Post Office and house

WRENN ID
sunken-vestry-wagtail
Grade
II
Local Planning Authority
Gwynedd
Country
Wales
Date first listed
30 March 1951
Type
Houses, shop
Source
Cadw listing

Description

Post Office and house, 8-16 Church Street, Tremadog

A terrace of four 2-storey houses and a shop with various rendered fronts, slate roofs and four stone stacks. There is no stack at the left end. The details of the houses differ, with most having later 19th-century fronts.

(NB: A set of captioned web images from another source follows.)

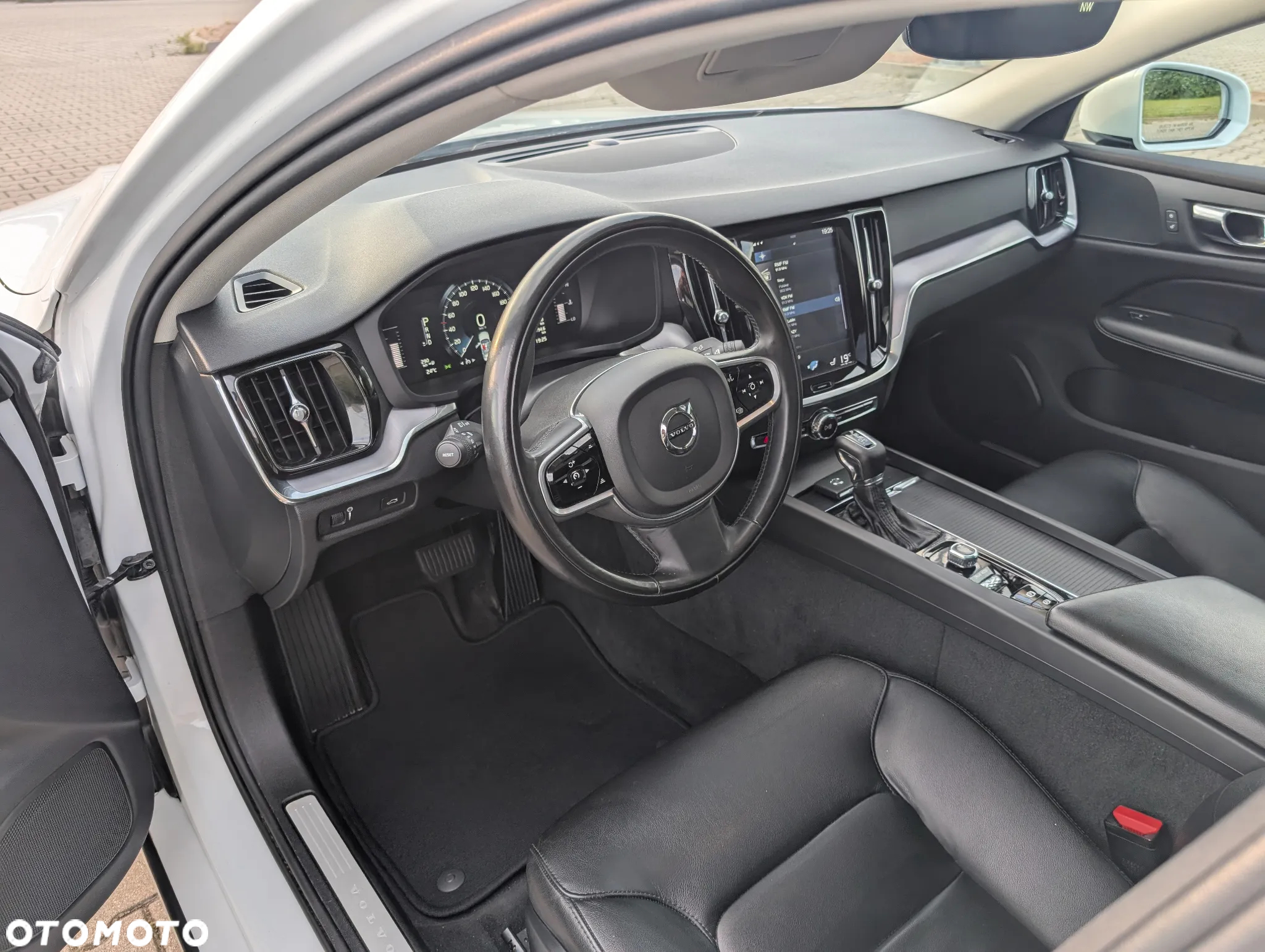 Volvo S60 T6 AWD Momentum Pro - 32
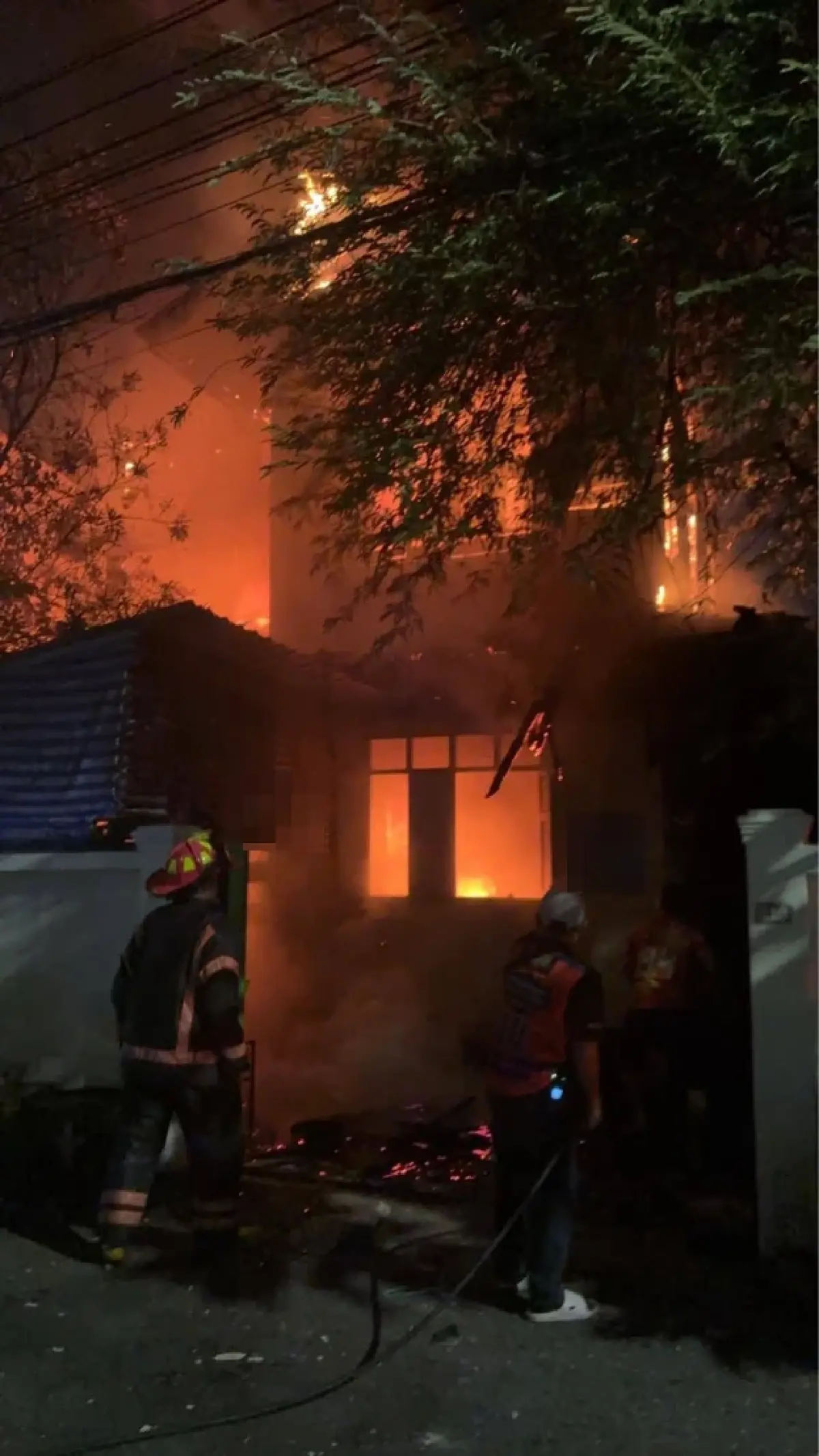 ไฟไหม้ค่ายมวยดัง วอดทั้งหลัง ซอยสมเด็จเจ้าพระยา 5 เจ็บสาหัส 1 ราย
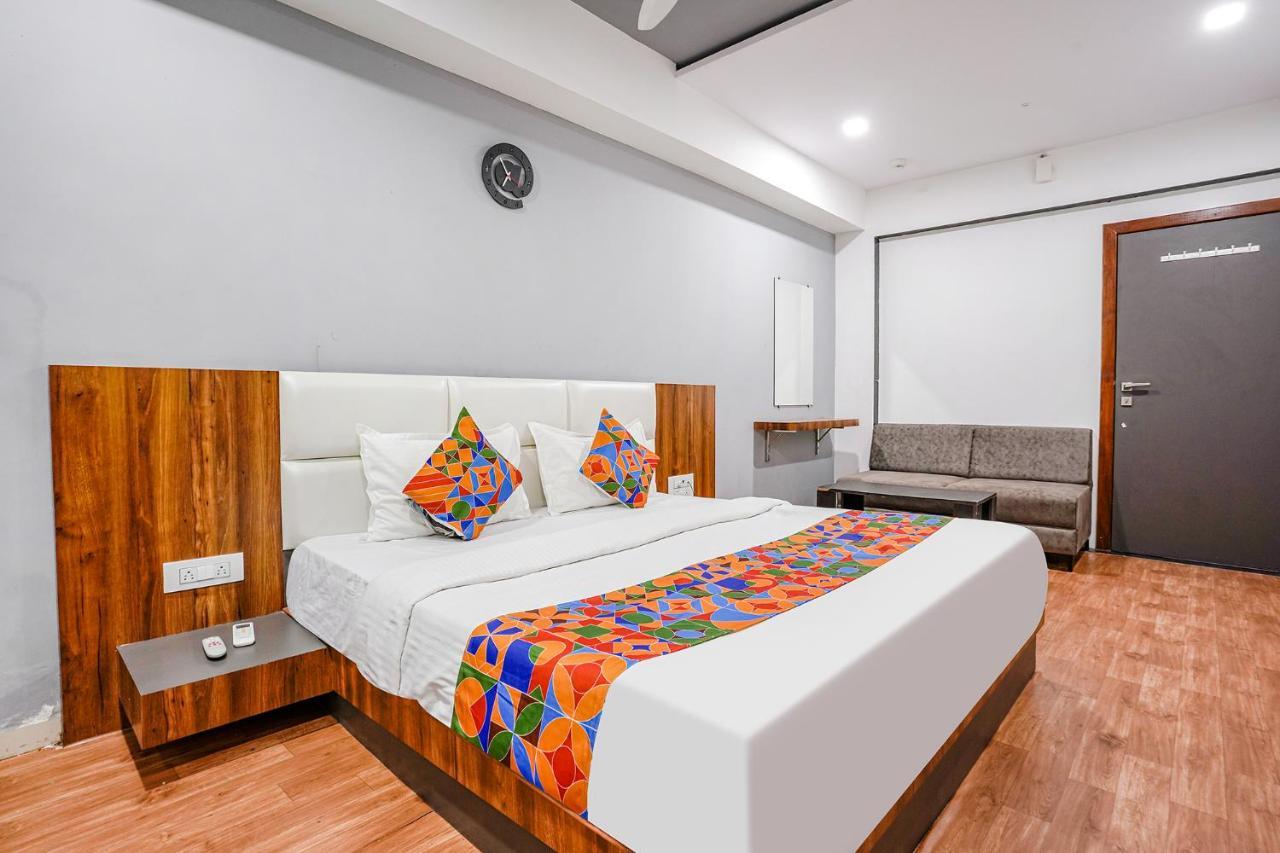 Fabhotel The Valentine - Udhna Road Surate Exterior foto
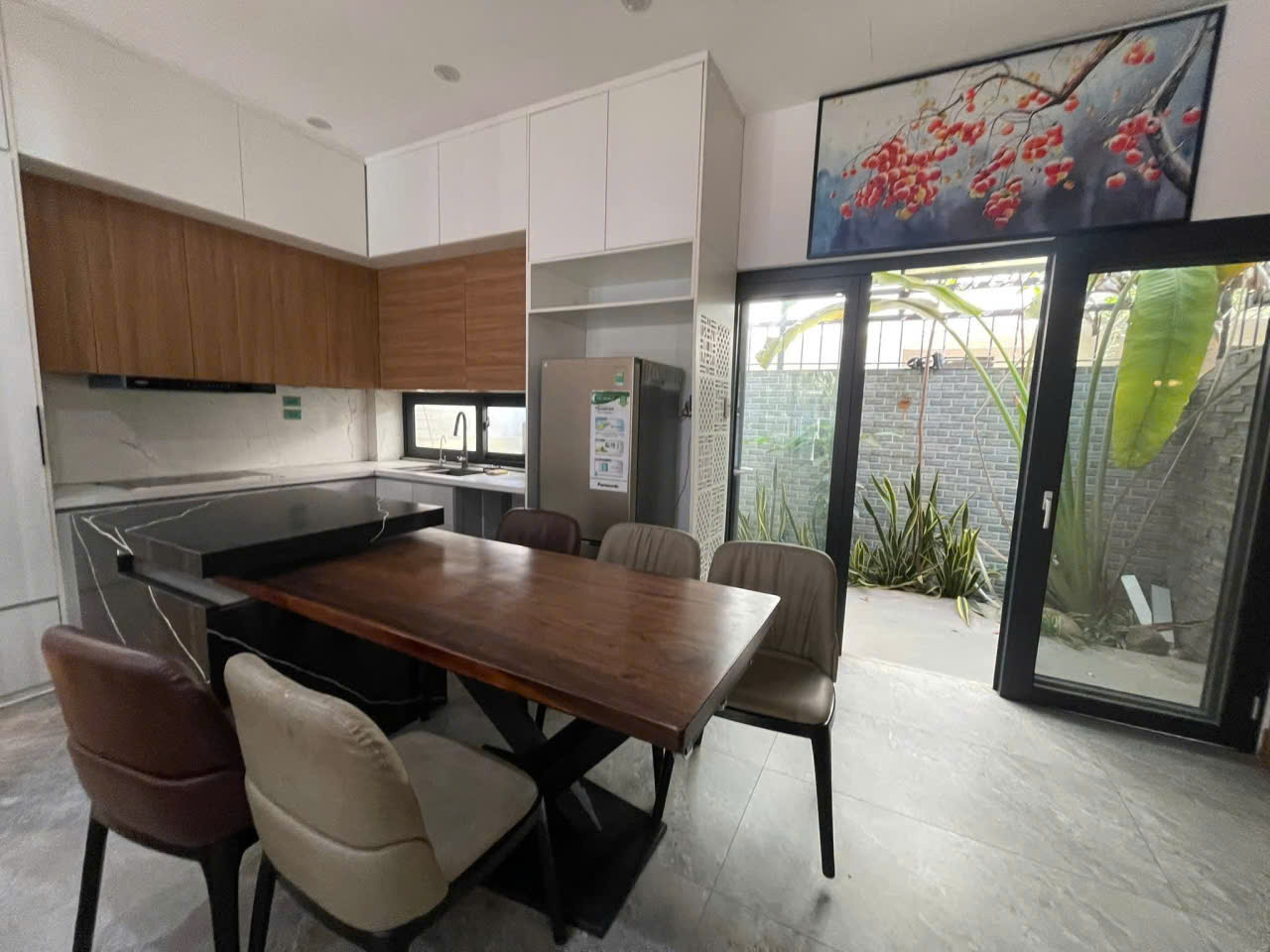 Shophouse diện tích 100m², không gian rộng rãi, phù hợp mở showroom, văn phòng, cửa hàng, spa, café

Numbers 8-10 form a two-window shop (The Post Office) and house with scribed render. A modern replacement small-pane shop window has a recessed half-glazed door, with simple Tuscan pilasters below a fascia and moulded cornice. Other openings have hood moulds. The house (No 10) is entered at the left end by a recessed replacement panelled door and overlight. In the upper storey are replacement top-hung windows offset to the left and aligned with the doorways.

Number 12 is a double-fronted house of cream-painted pebble-dashed front with smooth-rendered pilaster strips, upper-storey sill band and architraves. Its entrance is offset to the left of centre and has a recessed central door of two round-headed panels under an overlight. Windows are twelve-pane hornless sashes with slate sills.

Number 14 is a two-window house with grey pebble-dashed front. Openings are offset to the left. The entrance on the left side has an added half-glazed porch, inside which is a replacement half-glazed door under a round-headed overlight with relief foliage in the spandrels. Windows are two-pane sashes in original openings, horned in the lower storey and hornless in the upper storey. The front bears a plaque commemorating William Jones.

Number 16 is a pebble-dashed two-window house. The entrance on the left side has a modern open porch of steel posts supporting an entablature and cornice with dentil frieze. The replacement door has two circular panels and glazed round-headed upper panels, under a plain overlight. On the right side is a late 19th-century two-storey canted bay window with four-pane sashes. The upper storey also has a four-pane sash window above the doorway. In the rubble-stone left gable end, No 16 has a replacement attic window to the right of centre.

To the rear, the houses have two-storey wings, except for a one-storey wing to No 12. Skylights and a roof dormer have been added to No 14.